In the system design phase, requirements were gathered to develop an end-to-end architecture on Amazon Web Services (AWS), encompassing real-time data ingestion through Amazon Kinesis and Amazon Simple Email Service, data storage on Amazon S3, and AI-based anomaly and phishing detection using AWS Lambda. The prototype stage featured the integration of Random Cut Forest (RCF) for unsupervised anomaly detection and DistilBERT for phishing classification, enabling near real-time analysis of network and email data streams. MISP was hosted on Amazon EC2 and integrated with external threat feeds via STIX/TAXII, creating a closed-loop system that continuously refines shared Indicators of Compromise (IoCs).
Pilot testing involved three schools in Camarines Norte, where simulated attack scenarios validated the system’s practical effectiveness.
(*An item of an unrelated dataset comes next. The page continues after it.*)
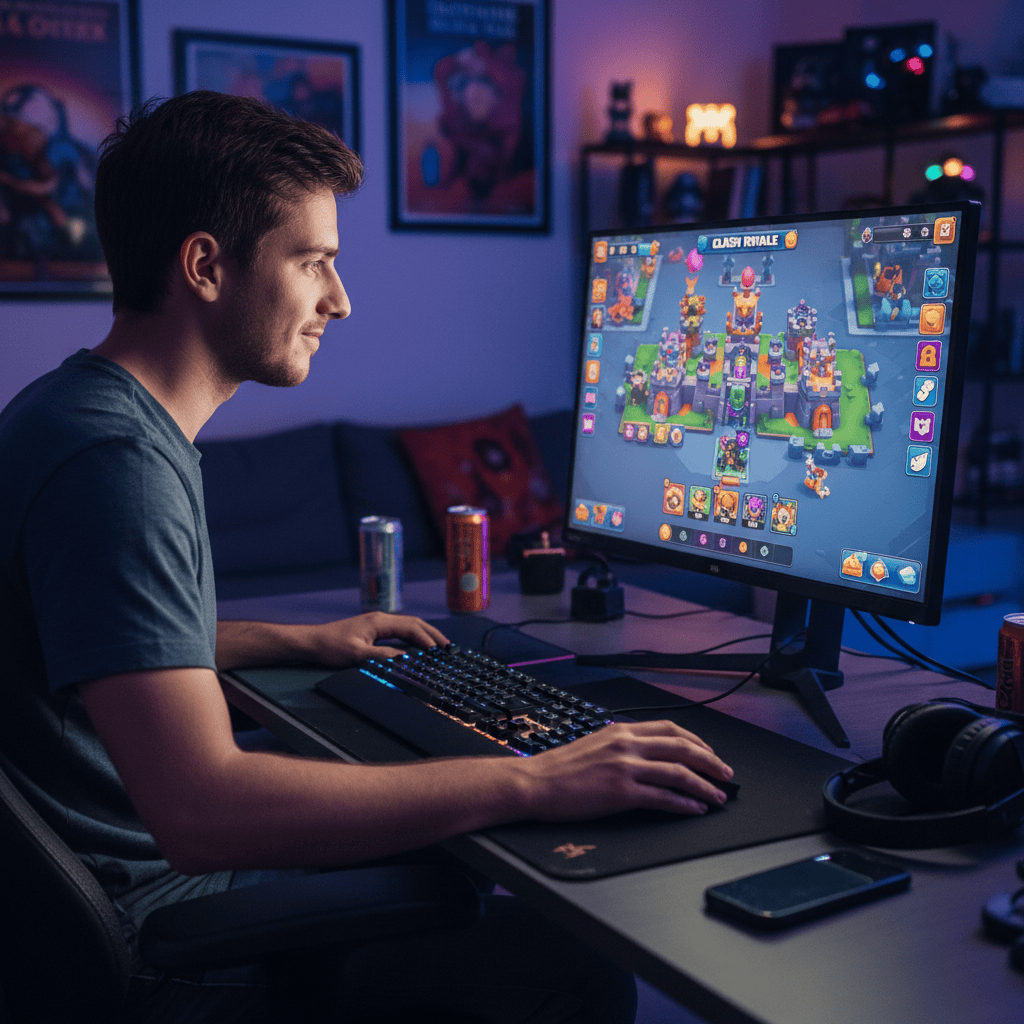 Gaming-optimierte Server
Results revealed high detection accuracy, with reduced false positives once IoCs were regularly enriched through MISP. The automated alerting workflow significantly shortened time-to-detection and time-to-response when compared to traditional security approaches.
Quantitative metrics confirmed improvements in detection speed, precision, and recall, while qualitative feedback highlighted the system’s ease of use, scalability, and cost efficiency. These findings underscore the potential of AI-enhanced solutions underpinned by threat intelligence sharing, illustrating a robust, sustainable approach to improving cybersecurity in the education sector.